#### Problem statement
An exact copy of all the data, minus the images, is required.
** Opening Data to use block **
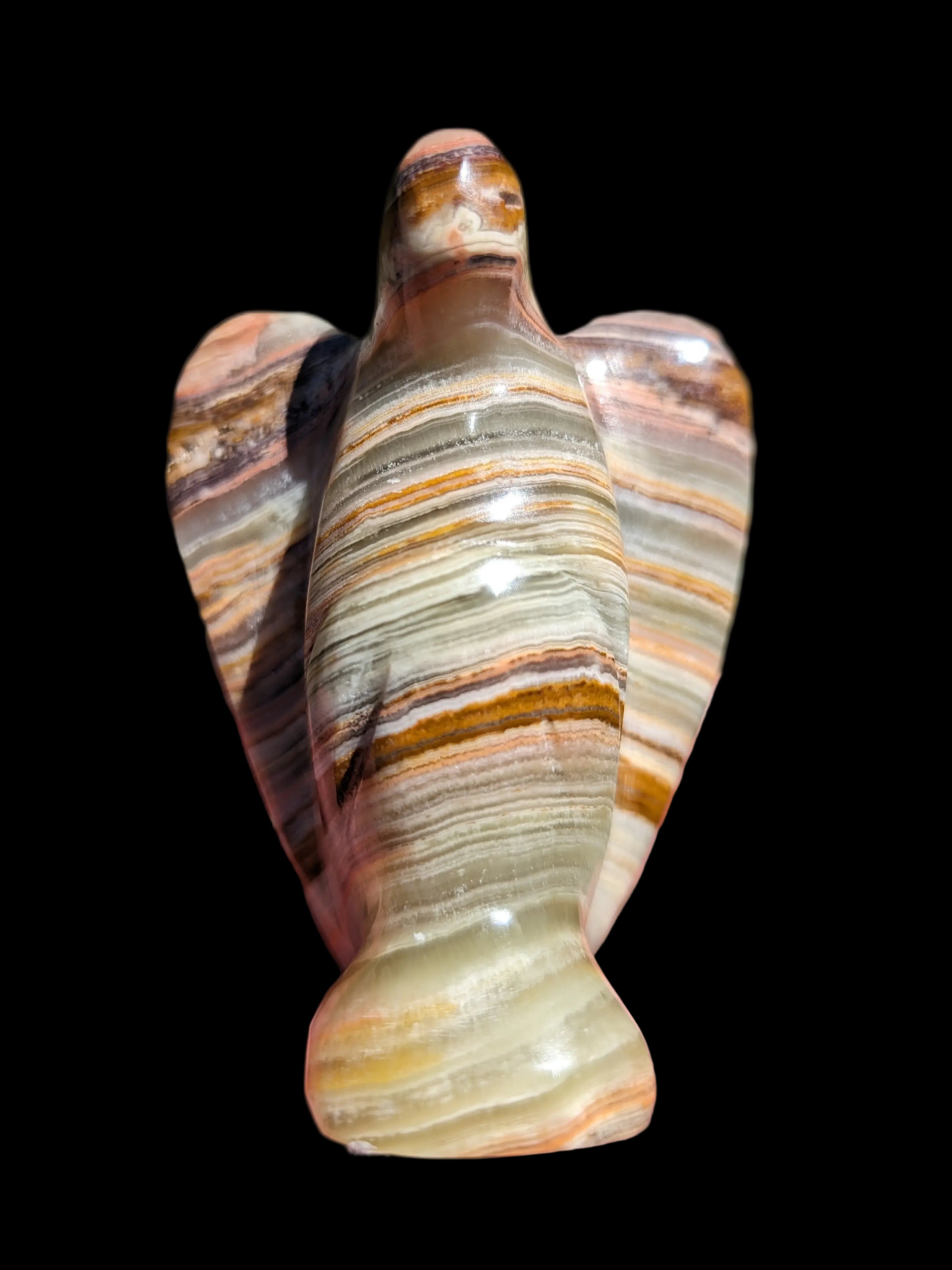 Afghan Jade hand-carved Angel 165g in sunshine - Rocks and Things Store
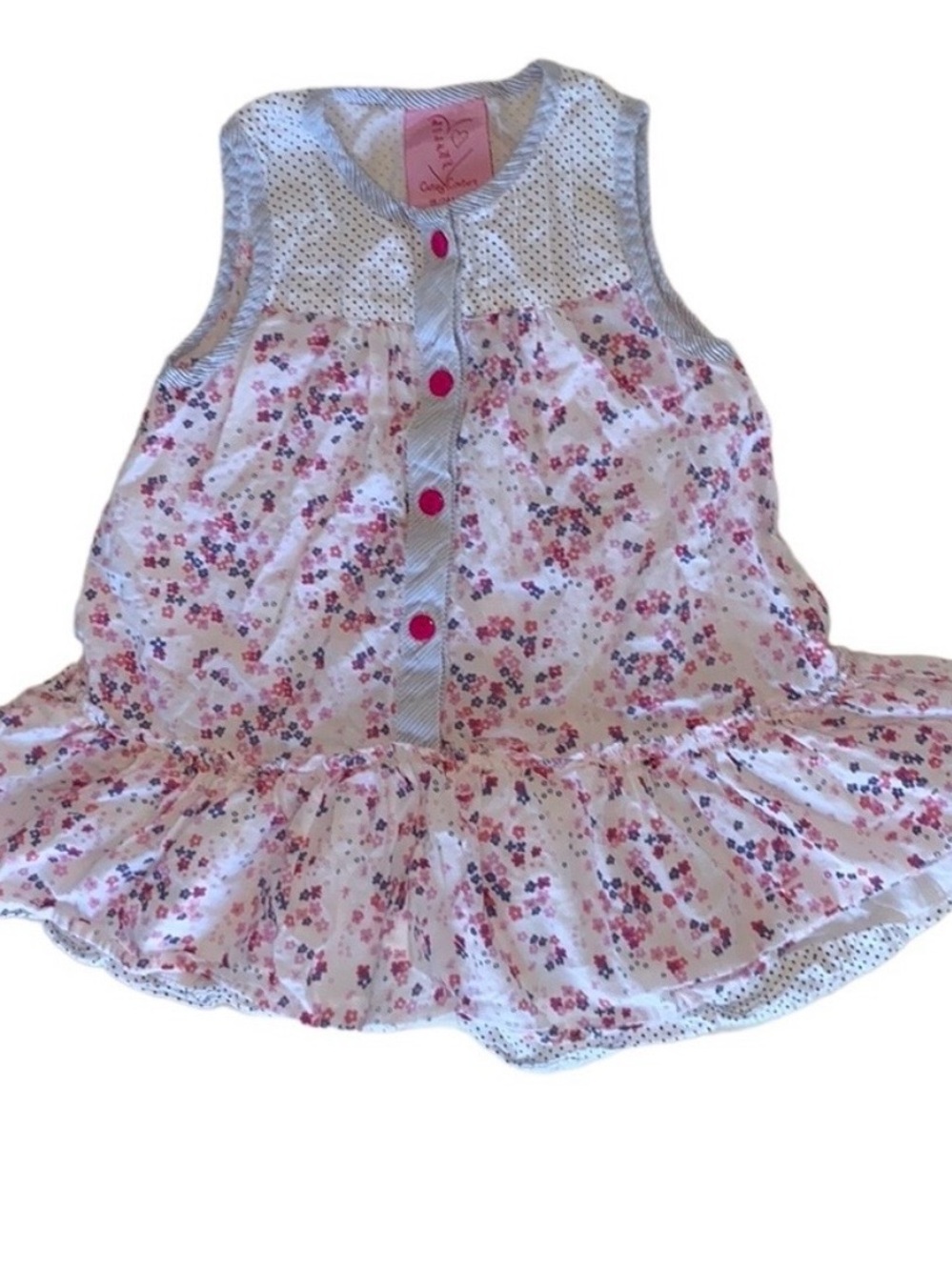 Cutey Couture Floral Print Ruffle Dress Size 18-24 Months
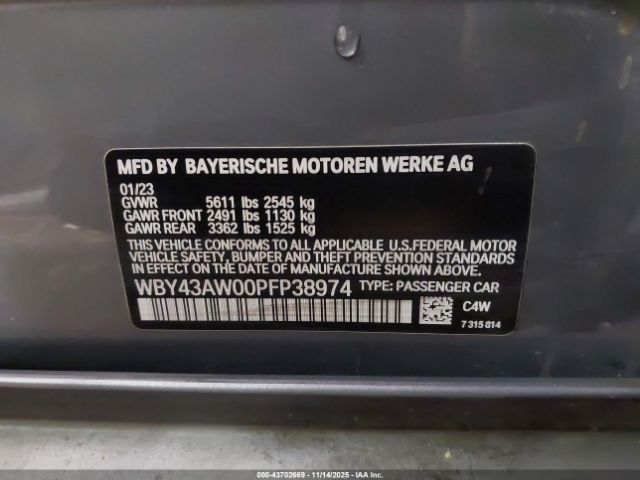 2023 BMW I4 WBY43AW00PFP38974 Photo 8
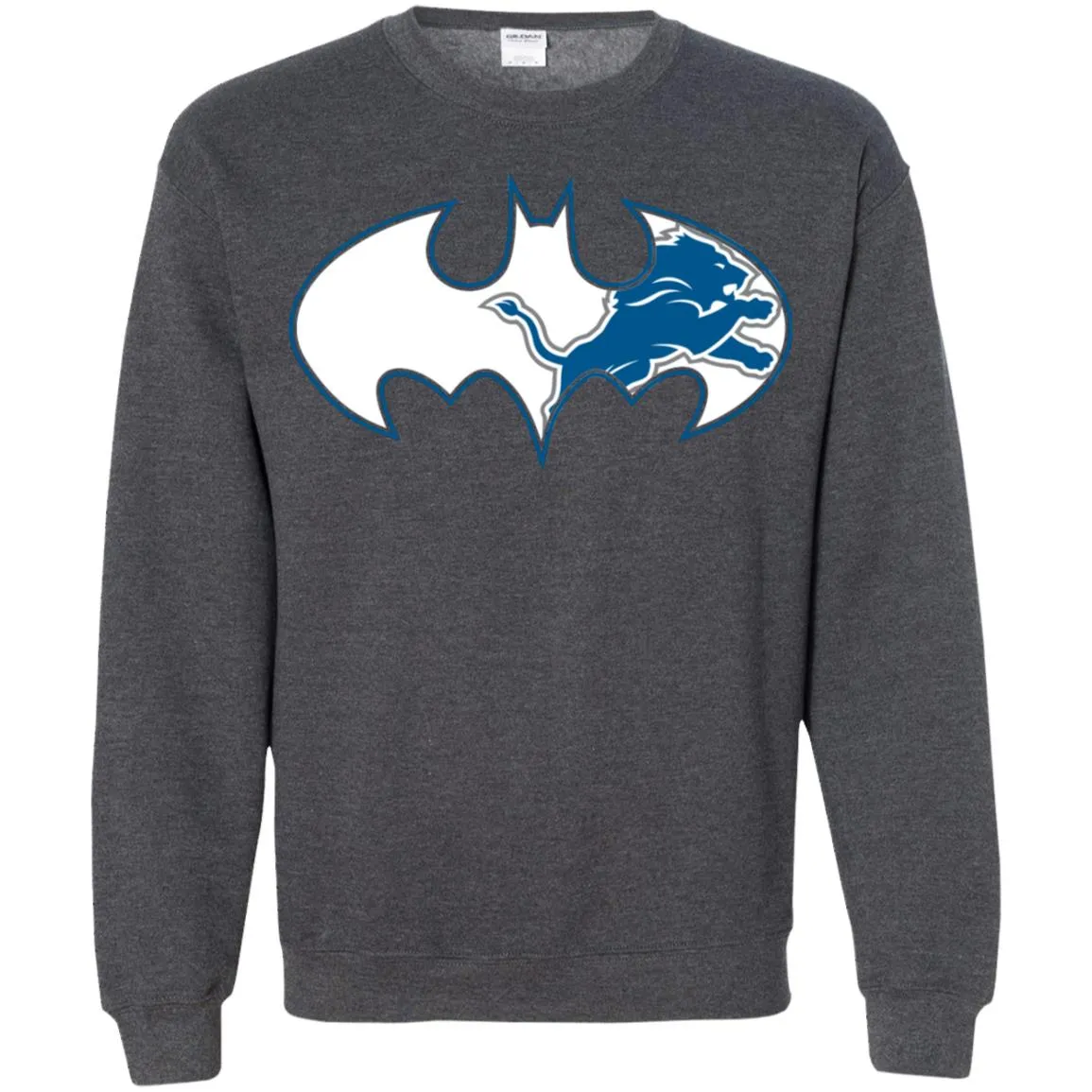 We Are The Detroit Lions Batman Nfl Mashup Crewneck Pullover Sweatshirt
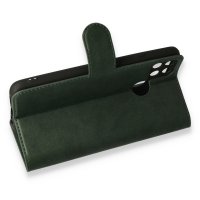 Newface Realme C25s Kılıf Trend S Plus Kapaklı Kılıf - Yeşil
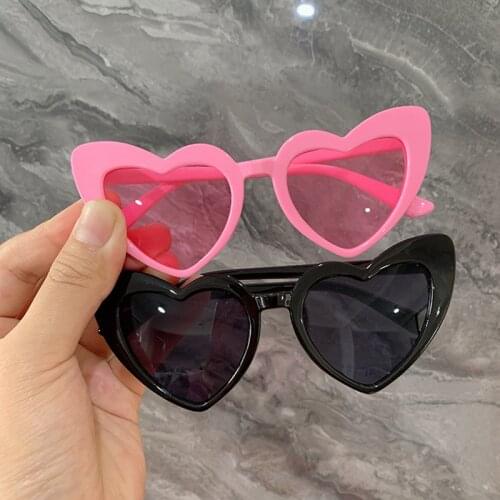 Kids Sunglasses Boy Girls Heart Shaped Sun Glasses Trendy All-Match Baby Sunglasses Children Fashion Shade Eyewear Oculos De Sol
** Closing Data to use block **
#### Answer
 Afghan Jade hand-carved Angel 165g in sunshine - Rocks and Things Store
 Cutey Couture Floral Print Ruffle Dress Size 18-24 Months
 2023 BMW I4 WBY43AW00PFP38974 Photo 8
 We Are The Detroit Lions Batman Nfl Mashup Crewneck Pullover Sweatshirt
 Newface Realme C25s Kılıf Trend S Plus Kapaklı Kılıf - Yeşil
 Kids Sunglasses Boy Girls Heart Shaped Sun Glasses Trendy All-Match Baby Sunglasses Children Fashion Shade Eyewear Oculos De Sol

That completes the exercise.